The Hateful Eight
Quentin Tarantino’s eighth film and second Western, complete with anachronistic dialogue, may be too self-indulgent – and violent – for even his fans.
Quite frankly, Quentin Tarantino has got too big for his breeches. Eight films on from his debut, the taut, fresh and highly suspenseful Reservoir Dogs (1992), the director has allowed his creative ego to get the better of him. Thus, The Hateful Eight is a big, lumbering talkathon, packed with caricatures, meaningless violence and crass dialogue. Way too much dialogue. Essentially, it’s a play – with more than a nod to Agatha Christie, of all people – in which eight leading characters, sometime after the American Civil War, banter away in a snow-bound Wyoming cabin. Indeed, it was originally intended as a stage production, and, running at over three hours and seven minutes, is a very, very long play. It certainly outstays its welcome in the first hour or so. The scenery – a snow-blasted Colorado – does look fantastic in the 70mm format, but then the action retreats indoors where the rest of the movie plays out.
Still, this being Tarantino, there are many joys. The cabin itself, a stagecoach lodge called Minnie's Haberdashery, is a thing of authentic beauty and with the characters’ breath visible throughout, a genuinely chilly place.
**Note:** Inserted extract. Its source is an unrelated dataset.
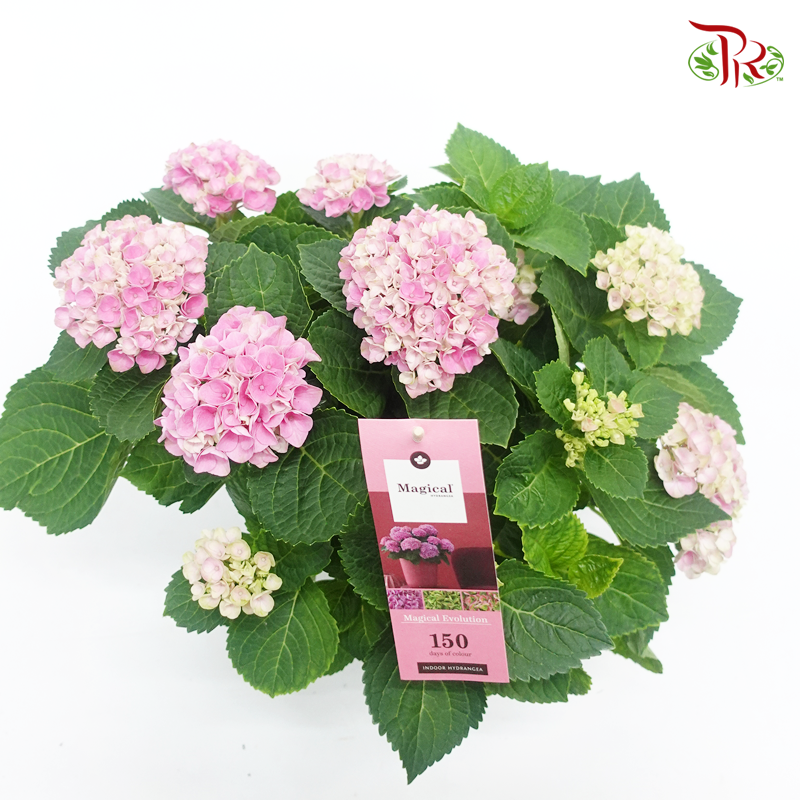 Hydrangea Magical Revolution – Dark Pink 《绣球花》-Pudu Ria Florist-prflorist.com.my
When Samuel L. Jackson, as a former Union major, brings a mug of coffee to his lips, the steam visibly wafts over the brim of his stetson. And much humour is mined from the inadequacy of the front door to withstand the freezing wind. When each character enters, he is instructed – yelled at by everybody present – to nail the damn door shut. Tim Roth has enormous fun as an upper-crust English hangman (a bona fide caricature), while Jennifer Jason Leigh is more than game as the grotesque prisoner of bounty hunter Kurt Russell. She has been nominated for both a BAFTA and a Golden Globe, although it’s more a circus act than a skilfully calibrated performance.
For Tarantino’s core audience, The Hateful Eight certainly delivers on the gratuitous violence, even if one sequence is so unpleasant that it makes one question the director’s sanity. Let’s just say it doesn’t involve guns but introduces a sadism of the video nasty variety. It’s as if Tarantino has taken the extremes of his darkest moments and splashed them across the screen – and the producers Bob and Harvey Weinstein have bankrolled it. It’s tantamount to the cinematic masturbation of a brilliant but very naughty boy.
JAMES CAMERON-WILSON
Cast: Samuel L. Jackson, Kurt Russell, Jennifer Jason Leigh, Walton Goggins, Demián Bichir, Tim Roth, Michael Madsen, Bruce Dern, James Parks, Channing Tatum, James Parks, Zoë Bell, Lee Horsley.
Dir Quentin Tarantino, Pro Richard N. Gladstein, Shannon McIntosh and Stacey Sher, Screenplay Quentin Tarantino, Ph Robert Richardson, Pro Des Yohei Taneda, Ed Fred Raskin, Music Ennio Morricone, Costumes Courtney Hoffman.
FilmColony-Entertainment Film Distributors.
167 mins. USA. 2015. Rel: 8 January 2016. Cert. 18.